Print this span of the material below exactly: the line with "2015 JEEP WRANGLER UNLIMITED SAHARA", the line with "Coque iPhone 15 Pro Prem's Transparente", and every line between them, but nothing else.

○ ○ ○ ○ ○ ○ ○

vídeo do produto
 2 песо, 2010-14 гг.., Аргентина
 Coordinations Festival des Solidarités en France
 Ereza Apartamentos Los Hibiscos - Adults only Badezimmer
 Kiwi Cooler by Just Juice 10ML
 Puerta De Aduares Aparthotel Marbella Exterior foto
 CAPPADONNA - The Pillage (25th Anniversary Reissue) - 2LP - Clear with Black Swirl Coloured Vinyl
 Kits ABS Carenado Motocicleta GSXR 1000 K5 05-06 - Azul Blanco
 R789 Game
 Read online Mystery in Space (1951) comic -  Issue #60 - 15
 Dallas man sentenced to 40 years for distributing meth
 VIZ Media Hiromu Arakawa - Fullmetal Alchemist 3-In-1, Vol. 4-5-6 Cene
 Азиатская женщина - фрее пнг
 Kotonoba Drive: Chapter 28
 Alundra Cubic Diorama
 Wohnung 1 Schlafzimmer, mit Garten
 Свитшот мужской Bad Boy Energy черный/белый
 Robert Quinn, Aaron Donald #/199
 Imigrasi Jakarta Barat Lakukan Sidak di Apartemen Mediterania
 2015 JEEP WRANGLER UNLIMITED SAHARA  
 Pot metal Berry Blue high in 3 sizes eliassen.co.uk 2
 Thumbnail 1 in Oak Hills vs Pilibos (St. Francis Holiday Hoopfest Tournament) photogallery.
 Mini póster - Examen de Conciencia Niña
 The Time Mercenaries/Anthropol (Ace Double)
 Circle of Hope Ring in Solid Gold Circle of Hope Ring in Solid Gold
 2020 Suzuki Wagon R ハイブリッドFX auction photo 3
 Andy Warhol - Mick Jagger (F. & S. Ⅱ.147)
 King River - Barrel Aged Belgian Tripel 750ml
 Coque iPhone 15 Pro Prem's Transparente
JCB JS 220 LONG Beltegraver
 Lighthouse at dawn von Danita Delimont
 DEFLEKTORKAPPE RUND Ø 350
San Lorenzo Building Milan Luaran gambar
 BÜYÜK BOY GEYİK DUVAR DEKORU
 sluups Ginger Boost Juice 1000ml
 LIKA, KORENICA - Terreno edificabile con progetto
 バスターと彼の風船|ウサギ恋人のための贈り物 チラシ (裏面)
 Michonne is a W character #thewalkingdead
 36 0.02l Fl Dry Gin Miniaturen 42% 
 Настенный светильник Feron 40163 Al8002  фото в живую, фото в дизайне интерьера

○ ○ ○ ○ ○ ○ ○

■ EXERCISE SOLUTION
 2015 JEEP WRANGLER UNLIMITED SAHARA  
 Pot metal Berry Blue high in 3 sizes eliassen.co.uk 2
 Thumbnail 1 in Oak Hills vs Pilibos (St. Francis Holiday Hoopfest Tournament) photogallery.
 Mini póster - Examen de Conciencia Niña
 The Time Mercenaries/Anthropol (Ace Double)
 Circle of Hope Ring in Solid Gold Circle of Hope Ring in Solid Gold
 2020 Suzuki Wagon R ハイブリッドFX auction photo 3
 Andy Warhol - Mick Jagger (F. & S. Ⅱ.147)
 King River - Barrel Aged Belgian Tripel 750ml
 Coque iPhone 15 Pro Prem's Transparente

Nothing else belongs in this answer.